The House narrowly voted to adjourn late on Wednesday after six rounds of voting failed to result in a victor. The once-in-a-century gridlock has exposed long-simmering tensions in the Republican party and raised questions about whether Congress will be able to function with such dysfunction and discord.
Twenty Republican rebels have so far rejected McCarthy and rallied instead around Byron Donalds, a Republican congressman from Florida. Some of the rebels have personal grievances with McCarthy while others have demanded rule changes that would make it easier to oust the Speaker.
After months of negotiations, it appeared as though McCarthy had capitulated to those demands, agreeing to change the rules so that just one member of the House could call a vote of no confidence.
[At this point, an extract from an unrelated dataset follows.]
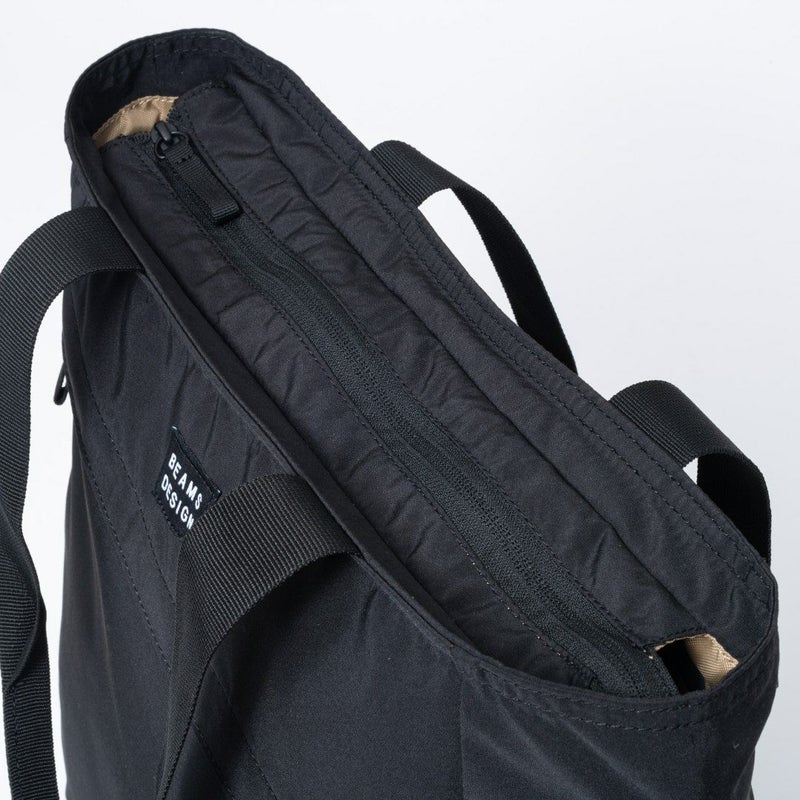 BEAMS DESIGN Diagonal トート【BMMH5ET2】 ブラック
But it remained unclear whether the changes would be enough to hand McCarthy the 218 votes required to win the support of a simple majority of the chamber.
Republicans took back control of the House of Representatives in November’s midterm elections. But McCarthy finds himself in such a tough position because the “red wave” he predicted did not materialise and Republicans control the chamber by a razor-thin margin, leaving him beholden to a small number of rebels.
Late on Wednesday, the Club for Growth, the ultra-low-tax group, and the Congressional Leadership Fund, a McCarthy-aligned fundraising vehicle, said they had struck a deal whereby the latter would not spend money in open Republican primaries in safe seats. The agreement was seen as a win for rightwing Republicans who have taken issue with McCarthy’s efforts to support more centrist candidates in the past.
McCarthy had received an apparent boost earlier on Wednesday when Donald Trump, the former US president, issued a full-throated endorsement of his candidacy, saying: “It’s now time for all our GREAT Republican House members to VOTE FOR KEVIN, CLOSE THE DEAL, TAKE THE VICTORY.”
But Trump’s push did little to sway the dissenters, in the last signal that his influence over the party is waning. Lauren Boebert, one of the Republican rebels, called Trump her “favourite president” but said he should be urging McCarthy to withdraw.
Some of McCarthy’s allies have also quietly called for the California congressman to step aside in favour of a consensus candidate who could unite the party’s warring factions. Many members have publicly and privately suggested Steve Scalise, a congressman from Louisiana and McCarthy’s deputy, as an alternative.
At the same time, Democratic leaders have shown little willingness to help end the stalemate, despite suggestions that Democrats could band together with a group of Republicans to back an alternative Speaker candidate. Instead, Democrats have been united in voting in favour of Hakeem Jeffries, who took over as the party’s leader in the House after Nancy Pelosi said she would step down from leadership.